Give all of the data below again exactly, and drop the images.

● Supplied material:
※ ※ ※
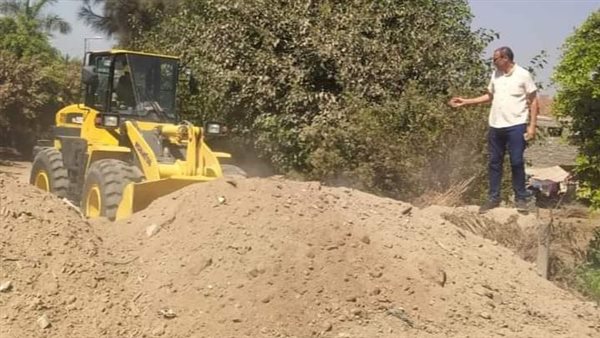 غلق معبر مخالف بالبحيرة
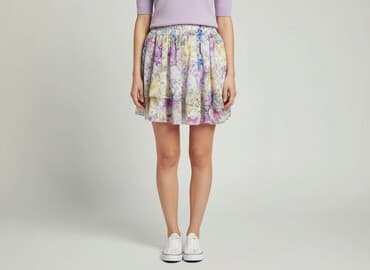 spódnice z falbaną na dole: Women`s skirt, size S — 1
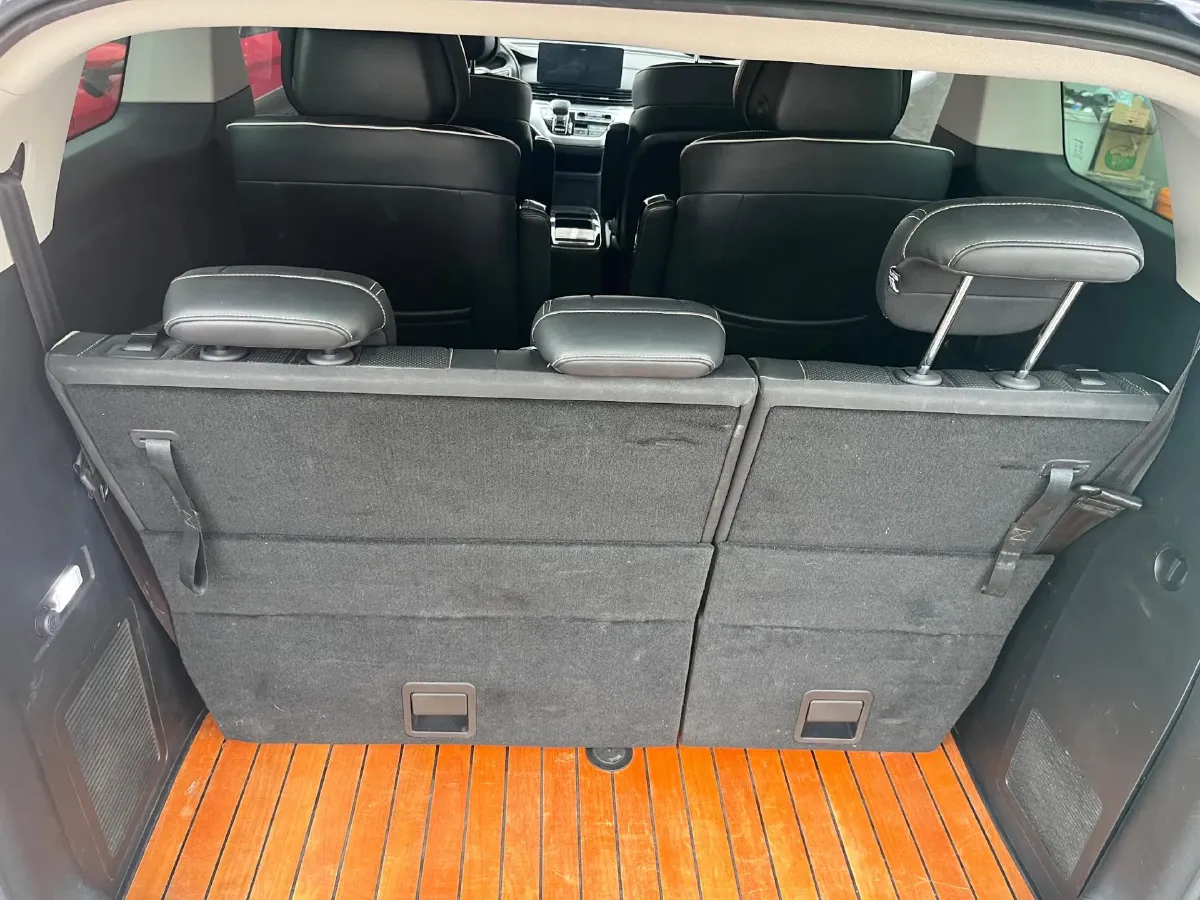 2021 Roewe iMAX8 2.0T 234HP L4 8AT,autocango,china used car exporter,china ev exporter,chinese used car exporter,chinese used ev exporter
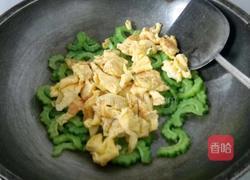 苦瓜炒蛋的做法图解4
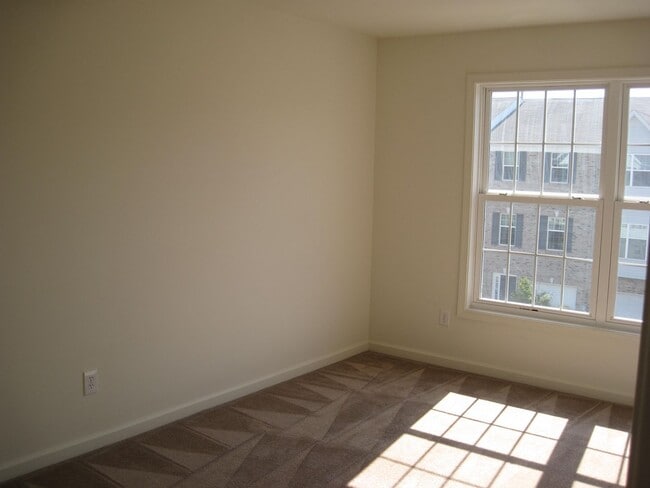 Building Photo - Hockessin Townhome in Dennison Ridge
※ ※ ※
● Written reply:
 غلق معبر مخالف بالبحيرة
 spódnice z falbaną na dole: Women`s skirt, size S — 1
 2021 Roewe iMAX8 2.0T 234HP L4 8AT,autocango,china used car exporter,china ev exporter,chinese used car exporter,chinese used ev exporter
 苦瓜炒蛋的做法图解4
 Building Photo - Hockessin Townhome in Dennison Ridge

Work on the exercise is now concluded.